The terms are, (1.) Active obedience in reference to the preceptive aspect of the law, and (2.) Passive obedience in reference to the punitive aspect of the law. Your question, I assume, is asking how Jesus obeyed the preceptive aspect of the law in His death. The precept is, Love God with all your being. Jesus displayed the highest degree of love to God in being obedient unto death, even the death of the cross.


----------



## PuritanCovenanter (Mar 25, 2010)

KMK said:


> Sorry for all the questions, but I am trying to wrap my mind around the FV argument. By eliminating the imputation of the active obedience of Christ's righteousness are they trying to eliminate the meritorious aspect of His satisfaction?



Bingo. Main reason? They deny the Covenant of Works. 

Take a look at this Pastor Ken. 
http://www.puritanboard.com/blogs/puritancovenanter/just-few-more-words-fv-397/


----------



## KMK (Mar 25, 2010)

armourbearer said:


> KMK said:
> 
> 
> > How was Christ's death obedience to the law?
> ...


 
Thanks. I would assume it would also include the precept, "Love your neighbor as yourself."


----------



## KMK (Mar 25, 2010)

Do the FV believe that denying the imputation of the active obedience in reference to the preceptive aspect of the law eliminates any merit from Christ's satisfaction? But doesn't the Reformed view admit there is merit even in the passive obedience in reference to the punitive aspect of the law?

Ames' _Marrow_:



> XX 4. ...But the condition of a servant which accompanied the taking of human nature was the first and proper basis of the humiliation...
> 
> XX 5. The end of this humiliation is satisfaction and the achievement of merit.
> 
> ...


----------



## MW (Mar 25, 2010)

> Ames' _Marrow_:
> 
> 
> 
> > XX 13 The achievements of merit and satisfaction by Christ do not differ essentially, in such a way as to be identified in different actions; they are two phases of one and the same obedience.


 
This is the standard reformed explanation of the imputation of the righteousness of Christ. If anyone denies that active obedience is a part of that righteousness which is imputed to believers he is essentially denying the quality of "righteousness" as defined by the Bible; for "righteousness" is not merely the absence of obligation to punishment but includes also the presence of obligation to reward. Romans 2:13, "but the doers of the law shall be justified." To deny that this positive aspect of righteousness is a part of the righteousness imputed to believers is, theoretically, to require the individual himself to be a doer of the law in order to complete the requirements for righteousness.

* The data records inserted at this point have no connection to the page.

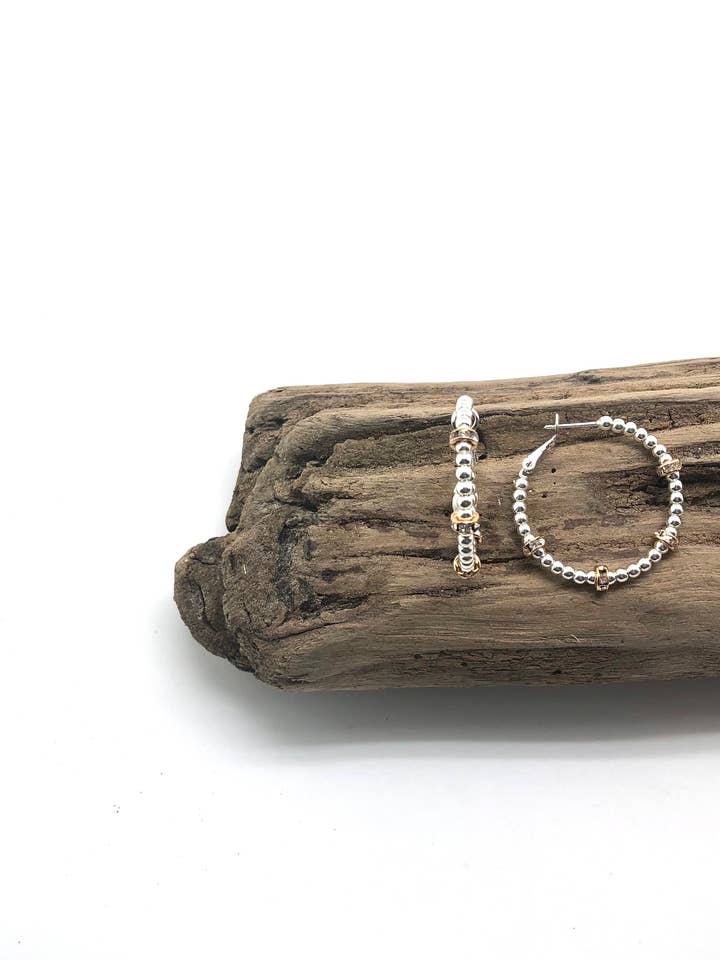 Earring Medium Hoop 3mm Silver Beads w/Gold Rondelle Spacer for wholesale by Rant & Rave Classic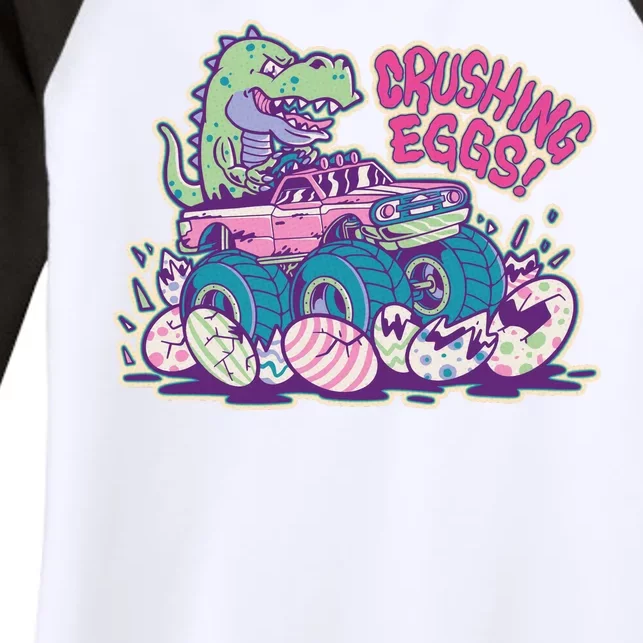 Funny Easter Dinosaur Monster Truck Crushing Eggs Women's Tri-Blend 3/4-Sleeve Raglan Shirt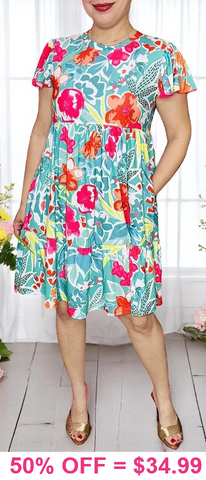 Turquoise Floral baby doll dress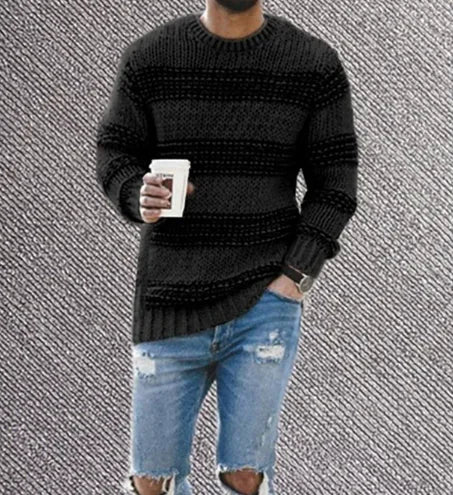 Striped Knit Fashion Pullover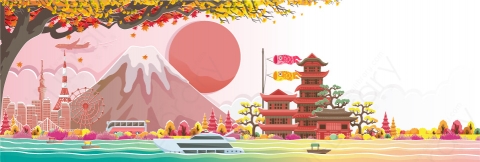 图片素材-扁平中日韩亚洲建筑场景-18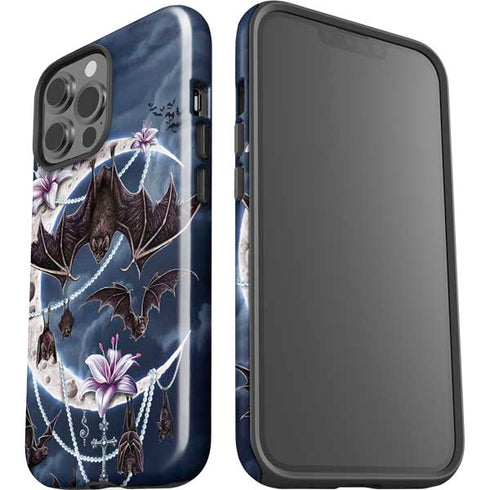 Gothic Moon with Bats and Flowers by Sarah Richter iPhone 15 Pro Max Impact Case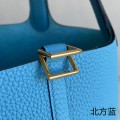 「#4420」 Hermès Northern Blue Gold Buckle Picotin Lock 18cm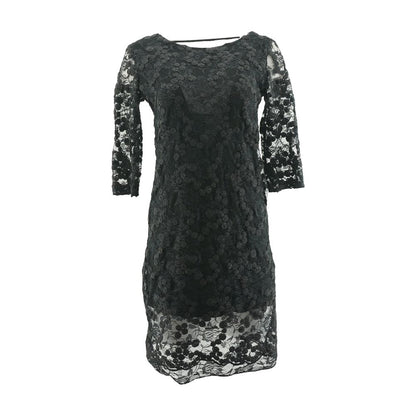 Black Solid Midi Dress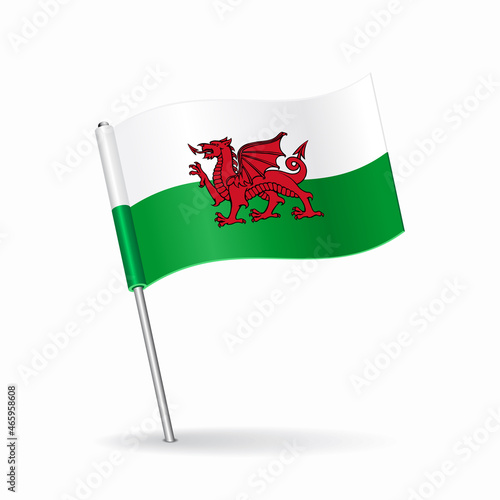 Welsh flag map pointer layout. Vector illustration.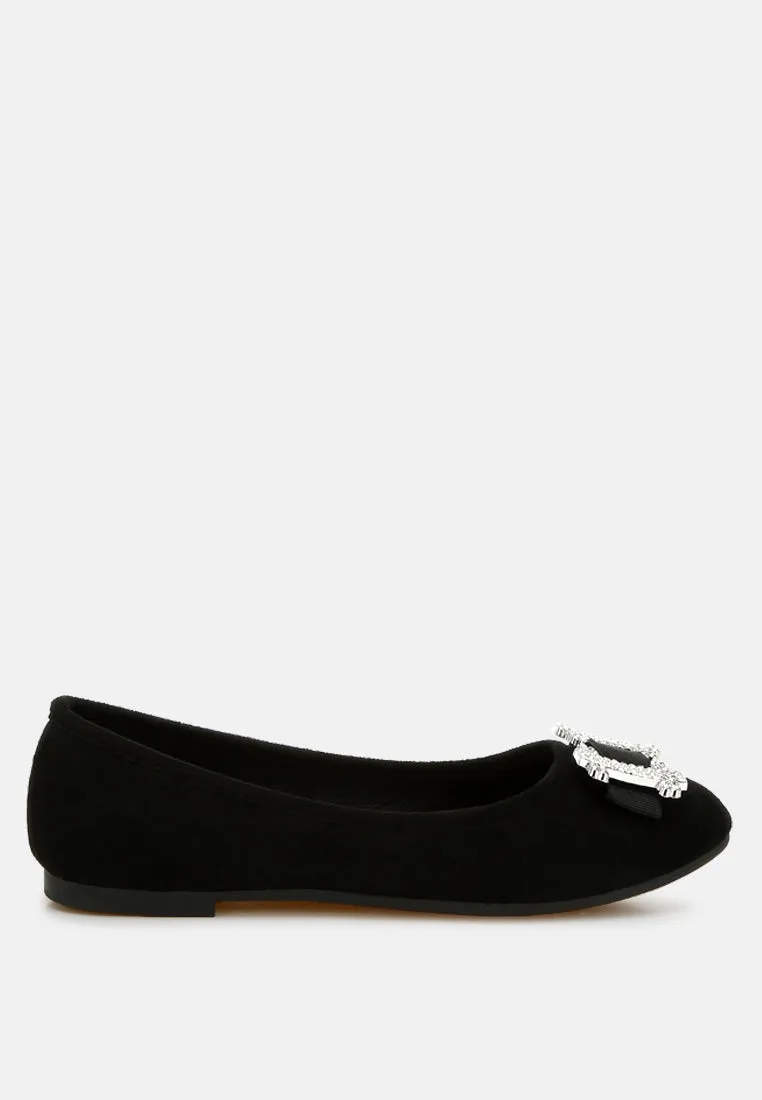 Rhinestone Buckle Detail Ballerinas By MODE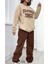 Kahve Krem Jogger Sweatshirt Alt Üst Eşofman Takımı Oversize Bisiklet Yaka 1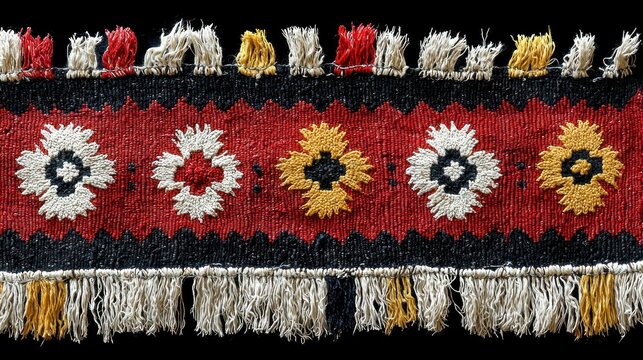 Vibrant hand-woven textile featuring red, black, white, yellow floral patterns and fringes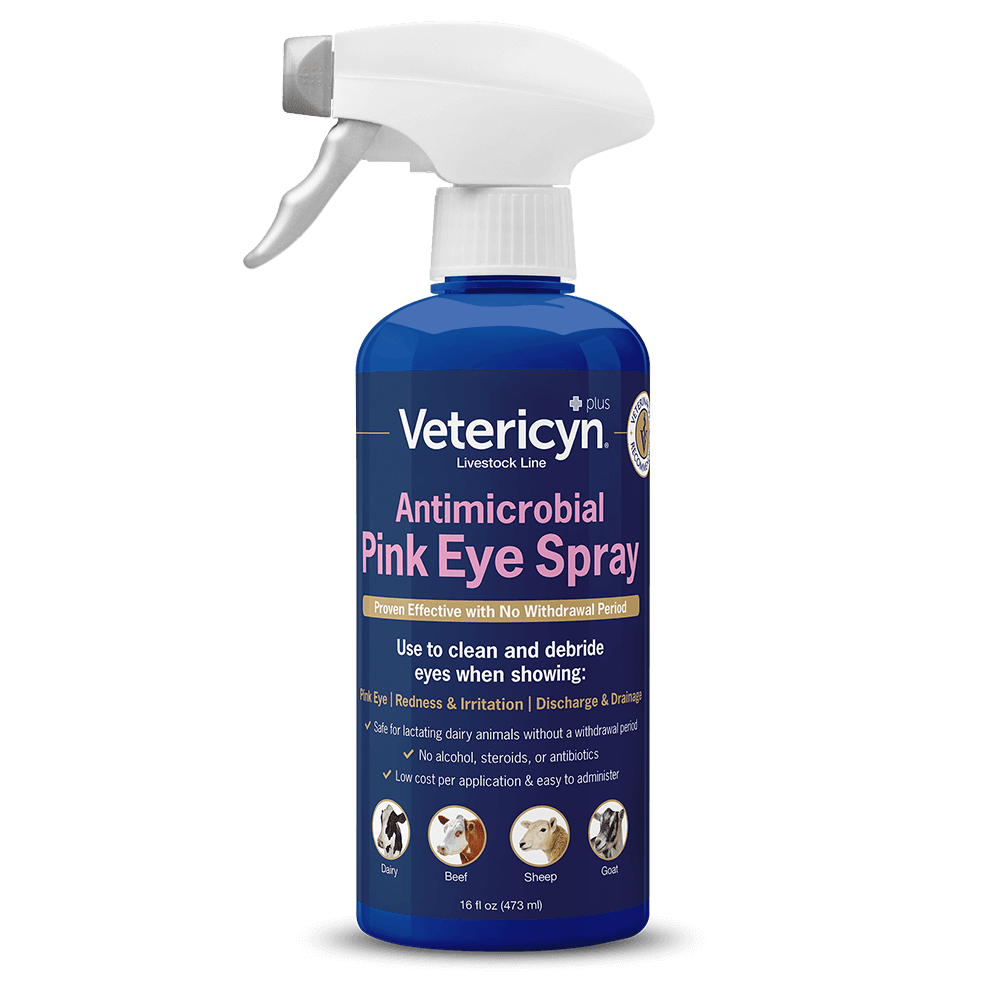 A 16-ounce bottle of Vetericyn Plus antimicrobial pink eye spray with a trigger nozzle.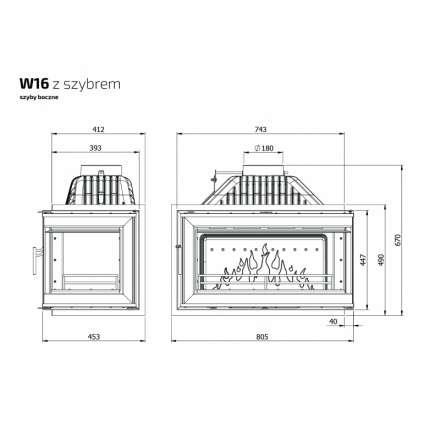 Каминная топка Kawmet W16PB 14,7 кВт в Гродно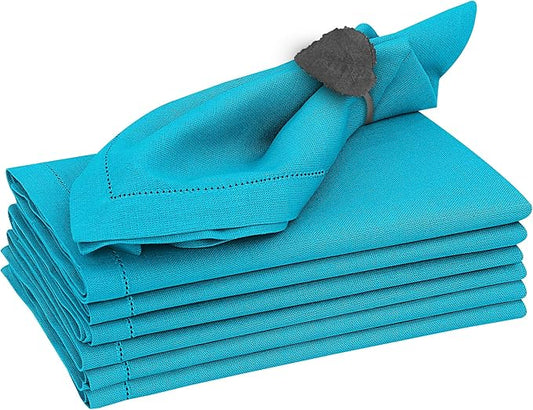 Ruvanti Premium Linen Napkins Set of 4-20x20 Inch, Classic Hemstitch, Mitered Corner Cloth Napkins ‎‎- Soft, Elegant Dinner Napkins Cloth Washable for Weddings, Parties, Everyday Use - Blue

On the other side, we have witnessed a strong polemic aimed against those who deny the imputation of the active obedience of Christ to the point that it has become a matter of orthodoxy to affirm, not that the imputation of righteousness includes the active obedience of Christ, but that the active obedience of Christ itself is imputed. As the quotation from Ames demonstrates, this is not reformed. It divides the work of Christ and thereby distorts the faith of a believer as he looks to Christ and His righteousness alone to be justified.


----------



## PuritanCovenanter (Mar 25, 2010)

Amen to Rev. Winser



> for "righteousness" is not merely the absence of obligation to punishment but includes also the presence of obligation to reward. Romans 2:13, "but the doers of the law shall be justified." To deny that this positive aspect of righteousness is a part of the righteousness imputed to believers is, theoretically, to require the individual himself to be a doer of the law in order to complete the requirements for righteousness.


----------



## py3ak (Mar 27, 2010)

I thought this statement, by David Dickson, was a good summary:

"Well then, do not some, otherwise orthodox, err who deny Christ's active obedience to be part of his satisfaction, performed in our place?
Yes."


----------